Task requirements:
Please restate the data word for word.

Record excerpts:

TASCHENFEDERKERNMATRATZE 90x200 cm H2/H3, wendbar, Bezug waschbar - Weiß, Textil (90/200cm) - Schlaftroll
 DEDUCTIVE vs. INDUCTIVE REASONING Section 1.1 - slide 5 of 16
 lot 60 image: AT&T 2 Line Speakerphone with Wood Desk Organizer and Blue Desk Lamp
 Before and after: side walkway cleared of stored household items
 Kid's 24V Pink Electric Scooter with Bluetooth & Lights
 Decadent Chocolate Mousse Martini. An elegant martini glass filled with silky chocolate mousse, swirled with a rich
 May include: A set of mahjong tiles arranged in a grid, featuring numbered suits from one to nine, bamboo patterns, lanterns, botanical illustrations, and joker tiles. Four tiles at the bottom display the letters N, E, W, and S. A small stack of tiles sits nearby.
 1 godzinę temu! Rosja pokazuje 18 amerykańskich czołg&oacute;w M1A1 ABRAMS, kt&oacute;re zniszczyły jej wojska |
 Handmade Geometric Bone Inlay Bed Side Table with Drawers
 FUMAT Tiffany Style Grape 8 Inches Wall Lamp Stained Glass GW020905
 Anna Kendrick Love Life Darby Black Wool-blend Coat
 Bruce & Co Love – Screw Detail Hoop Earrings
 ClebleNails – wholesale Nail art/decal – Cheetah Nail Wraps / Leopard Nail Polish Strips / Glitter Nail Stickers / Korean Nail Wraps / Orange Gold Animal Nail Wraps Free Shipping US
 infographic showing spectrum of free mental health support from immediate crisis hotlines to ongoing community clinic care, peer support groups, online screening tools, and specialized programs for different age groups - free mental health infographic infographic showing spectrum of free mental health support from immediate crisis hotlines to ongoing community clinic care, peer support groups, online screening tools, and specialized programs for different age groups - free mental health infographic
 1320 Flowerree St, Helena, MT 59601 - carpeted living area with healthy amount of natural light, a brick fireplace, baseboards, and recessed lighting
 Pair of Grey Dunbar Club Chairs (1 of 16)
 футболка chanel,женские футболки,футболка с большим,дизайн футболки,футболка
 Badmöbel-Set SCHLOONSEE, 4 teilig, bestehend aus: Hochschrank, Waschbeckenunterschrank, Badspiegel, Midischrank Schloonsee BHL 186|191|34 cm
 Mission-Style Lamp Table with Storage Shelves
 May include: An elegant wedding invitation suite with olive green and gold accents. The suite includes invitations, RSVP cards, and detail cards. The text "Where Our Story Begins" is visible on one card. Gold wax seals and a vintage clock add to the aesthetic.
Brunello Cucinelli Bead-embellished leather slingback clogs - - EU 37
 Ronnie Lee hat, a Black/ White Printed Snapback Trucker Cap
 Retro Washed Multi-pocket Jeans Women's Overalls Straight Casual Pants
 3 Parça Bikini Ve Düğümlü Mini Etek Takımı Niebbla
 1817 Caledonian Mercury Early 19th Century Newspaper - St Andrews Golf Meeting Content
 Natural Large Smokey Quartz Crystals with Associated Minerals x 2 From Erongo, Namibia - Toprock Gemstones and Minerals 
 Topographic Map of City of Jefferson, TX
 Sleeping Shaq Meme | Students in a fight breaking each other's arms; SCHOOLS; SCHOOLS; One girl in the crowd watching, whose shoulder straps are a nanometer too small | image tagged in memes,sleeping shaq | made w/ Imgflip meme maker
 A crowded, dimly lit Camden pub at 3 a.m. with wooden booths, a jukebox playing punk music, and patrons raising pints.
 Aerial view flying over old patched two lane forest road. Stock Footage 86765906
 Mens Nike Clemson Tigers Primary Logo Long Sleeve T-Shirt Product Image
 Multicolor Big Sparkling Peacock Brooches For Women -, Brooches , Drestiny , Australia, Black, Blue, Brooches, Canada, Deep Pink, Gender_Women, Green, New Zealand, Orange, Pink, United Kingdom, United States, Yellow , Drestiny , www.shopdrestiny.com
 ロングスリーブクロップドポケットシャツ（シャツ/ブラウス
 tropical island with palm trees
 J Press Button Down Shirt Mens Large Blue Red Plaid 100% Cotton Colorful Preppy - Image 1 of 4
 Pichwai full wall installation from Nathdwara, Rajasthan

Answer to the problem:
TASCHENFEDERKERNMATRATZE 90x200 cm H2/H3, wendbar, Bezug waschbar - Weiß, Textil (90/200cm) - Schlaftroll
 DEDUCTIVE vs. INDUCTIVE REASONING Section 1.1 - slide 5 of 16
 lot 60 image: AT&T 2 Line Speakerphone with Wood Desk Organizer and Blue Desk Lamp
 Before and after: side walkway cleared of stored household items
 Kid's 24V Pink Electric Scooter with Bluetooth & Lights
 Decadent Chocolate Mousse Martini. An elegant martini glass filled with silky chocolate mousse, swirled with a rich
 May include: A set of mahjong tiles arranged in a grid, featuring numbered suits from one to nine, bamboo patterns, lanterns, botanical illustrations, and joker tiles. Four tiles at the bottom display the letters N, E, W, and S. A small stack of tiles sits nearby.
 1 godzinę temu! Rosja pokazuje 18 amerykańskich czołg&oacute;w M1A1 ABRAMS, kt&oacute;re zniszczyły jej wojska |
 Handmade Geometric Bone Inlay Bed Side Table with Drawers
 FUMAT Tiffany Style Grape 8 Inches Wall Lamp Stained Glass GW020905
 Anna Kendrick Love Life Darby Black Wool-blend Coat
 Bruce & Co Love – Screw Detail Hoop Earrings
 ClebleNails – wholesale Nail art/decal – Cheetah Nail Wraps / Leopard Nail Polish Strips / Glitter Nail Stickers / Korean Nail Wraps / Orange Gold Animal Nail Wraps Free Shipping US
 infographic showing spectrum of free mental health support from immediate crisis hotlines to ongoing community clinic care, peer support groups, online screening tools, and specialized programs for different age groups - free mental health infographic infographic showing spectrum of free mental health support from immediate crisis hotlines to ongoing community clinic care, peer support groups, online screening tools, and specialized programs for different age groups - free mental health infographic
 1320 Flowerree St, Helena, MT 59601 - carpeted living area with healthy amount of natural light, a brick fireplace, baseboards, and recessed lighting
 Pair of Grey Dunbar Club Chairs (1 of 16)
 футболка chanel,женские футболки,футболка с большим,дизайн футболки,футболка
 Badmöbel-Set SCHLOONSEE, 4 teilig, bestehend aus: Hochschrank, Waschbeckenunterschrank, Badspiegel, Midischrank Schloonsee BHL 186|191|34 cm
 Mission-Style Lamp Table with Storage Shelves
 May include: An elegant wedding invitation suite with olive green and gold accents. The suite includes invitations, RSVP cards, and detail cards. The text "Where Our Story Begins" is visible on one card. Gold wax seals and a vintage clock add to the aesthetic.
Brunello Cucinelli Bead-embellished leather slingback clogs - - EU 37
 Ronnie Lee hat, a Black/ White Printed Snapback Trucker Cap
 Retro Washed Multi-pocket Jeans Women's Overalls Straight Casual Pants
 3 Parça Bikini Ve Düğümlü Mini Etek Takımı Niebbla
 1817 Caledonian Mercury Early 19th Century Newspaper - St Andrews Golf Meeting Content
 Natural Large Smokey Quartz Crystals with Associated Minerals x 2 From Erongo, Namibia - Toprock Gemstones and Minerals 
 Topographic Map of City of Jefferson, TX
 Sleeping Shaq Meme | Students in a fight breaking each other's arms; SCHOOLS; SCHOOLS; One girl in the crowd watching, whose shoulder straps are a nanometer too small | image tagged in memes,sleeping shaq | made w/ Imgflip meme maker
 A crowded, dimly lit Camden pub at 3 a.m. with wooden booths, a jukebox playing punk music, and patrons raising pints.
 Aerial view flying over old patched two lane forest road. Stock Footage 86765906
 Mens Nike Clemson Tigers Primary Logo Long Sleeve T-Shirt Product Image
 Multicolor Big Sparkling Peacock Brooches For Women -, Brooches , Drestiny , Australia, Black, Blue, Brooches, Canada, Deep Pink, Gender_Women, Green, New Zealand, Orange, Pink, United Kingdom, United States, Yellow , Drestiny , www.shopdrestiny.com
 ロングスリーブクロップドポケットシャツ（シャツ/ブラウス
 tropical island with palm trees
 J Press Button Down Shirt Mens Large Blue Red Plaid 100% Cotton Colorful Preppy - Image 1 of 4
 Pichwai full wall installation from Nathdwara, Rajasthan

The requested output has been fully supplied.